As more and more transactions become electronic, interest has grown in an independent payment system for Icelandic commerce. Cyberattacks or other disruptions to service in the several foreign payment systems on which so many Icelandic businesses currently rely could cause serious disruption to economic life in Iceland. By working towards a secure and independent solution, the Central Bank of Iceland hopes to make the Icelandic economy more resilient to risk in the future.

The Central Bank of Iceland has begun taking initial steps at the request of Iceland’s National Security Council, in line with steps taken recently by other European nations.
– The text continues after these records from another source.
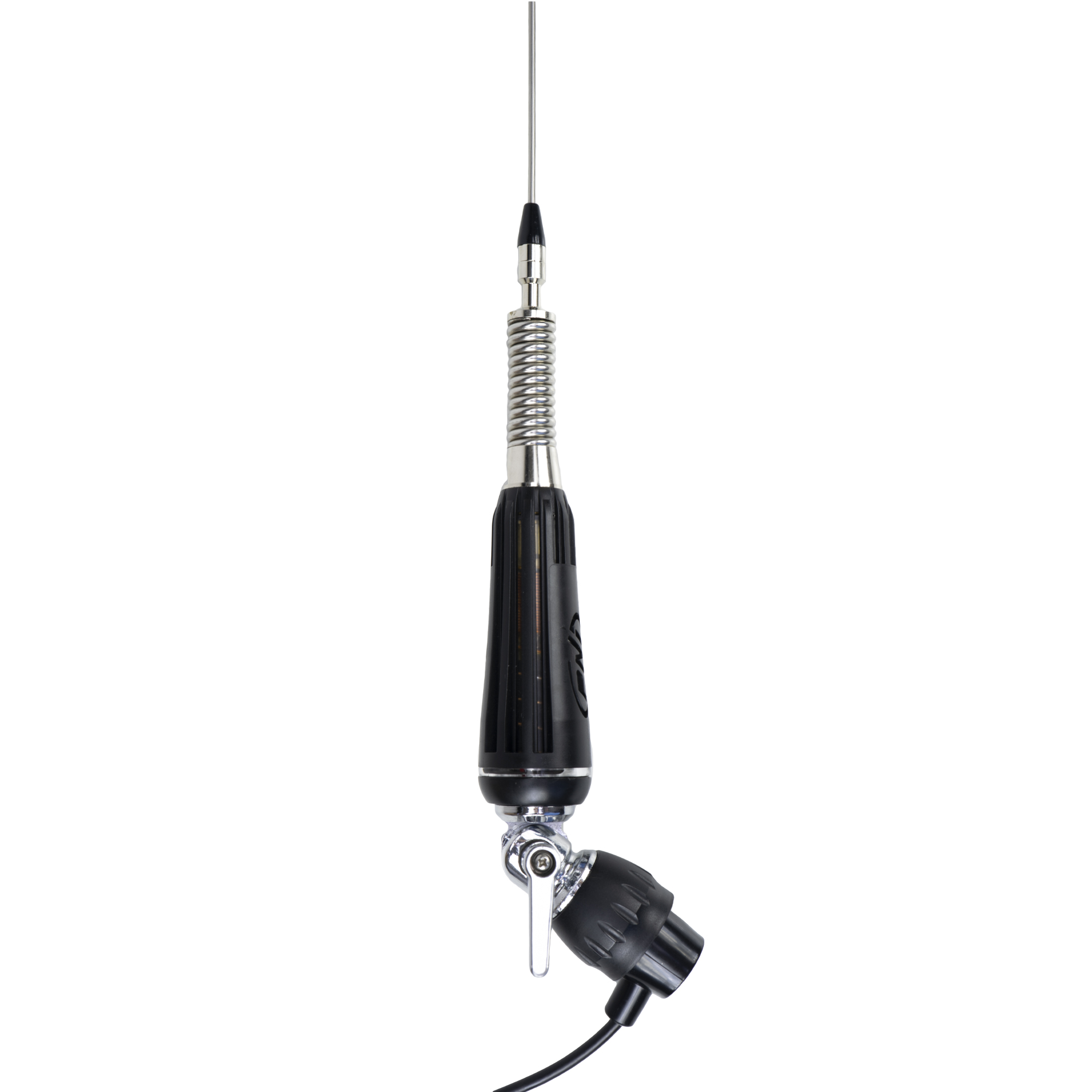 Eine Autoantenne mit schwarzem Griff, silberner Feder und schwarzem Stecker.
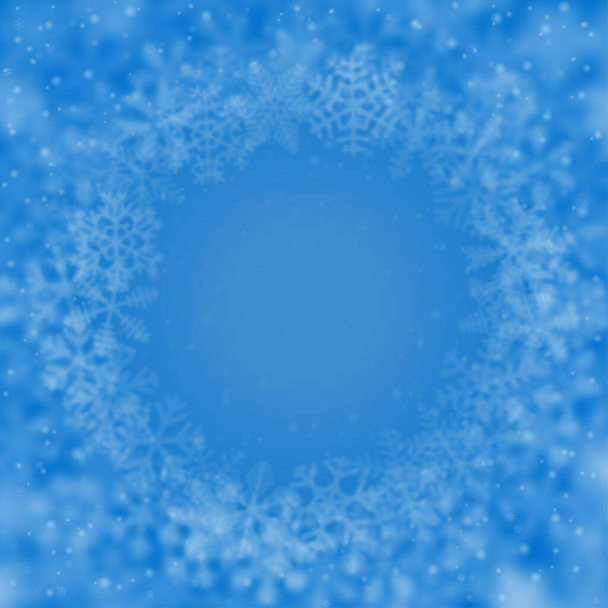 Χριστουγεννιάτικο φόντο νιφάδων χιονιού διαφορετικού σχήματος, θαμπάδας και διαφάνειας, τοποθετημένα σε κύκλο, σε γαλάζιο φόντο - Διάνυσμα, εικόνα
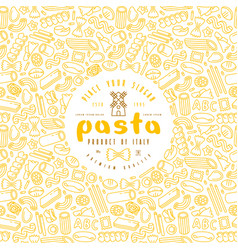 Pasta label and frame with pattern Royalty Free Vector Image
The Central Bank plans to publish a report on the matter in the coming months, in which possible ways forward will be considered.

The Central Bank’s recent report on financial cybersecurity indicated the real possibility of long-term disruption to the payment system following a cyberattack on a foreign payment system. According to the Central Bank, other means of payment need to be provided to ensure that necessities can still be purchased in the event of such an attack. In addition to a domestic payment system, the Central Bank has also called for the creation of preparedness plans in the event of such a disruption.

The need for a secure, domestic payment system is especially pressing in Iceland, where fewer and fewer transactions take place with cash. In the past two years, the use of cash in purchases has declined by some 25%, although it is still used by some 40% of the population, especially for gifts and personal payments. In the event of an electronic payment disruption, the Central Bank has stated, there are still enough cash reserves to address such an event.